§ Task prompt
Your job is to set down the listing again exactly as it stands.

§ Data shown
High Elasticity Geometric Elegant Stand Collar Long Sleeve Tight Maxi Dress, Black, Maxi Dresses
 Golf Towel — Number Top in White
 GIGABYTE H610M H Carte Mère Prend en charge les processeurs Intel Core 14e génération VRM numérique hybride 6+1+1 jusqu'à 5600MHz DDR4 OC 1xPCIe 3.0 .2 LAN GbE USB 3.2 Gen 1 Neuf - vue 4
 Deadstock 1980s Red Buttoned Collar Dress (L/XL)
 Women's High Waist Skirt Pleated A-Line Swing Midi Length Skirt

§ Task output
High Elasticity Geometric Elegant Stand Collar Long Sleeve Tight Maxi Dress, Black, Maxi Dresses
 Golf Towel — Number Top in White
 GIGABYTE H610M H Carte Mère Prend en charge les processeurs Intel Core 14e génération VRM numérique hybride 6+1+1 jusqu'à 5600MHz DDR4 OC 1xPCIe 3.0 .2 LAN GbE USB 3.2 Gen 1 Neuf - vue 4
 Deadstock 1980s Red Buttoned Collar Dress (L/XL)
 Women's High Waist Skirt Pleated A-Line Swing Midi Length Skirt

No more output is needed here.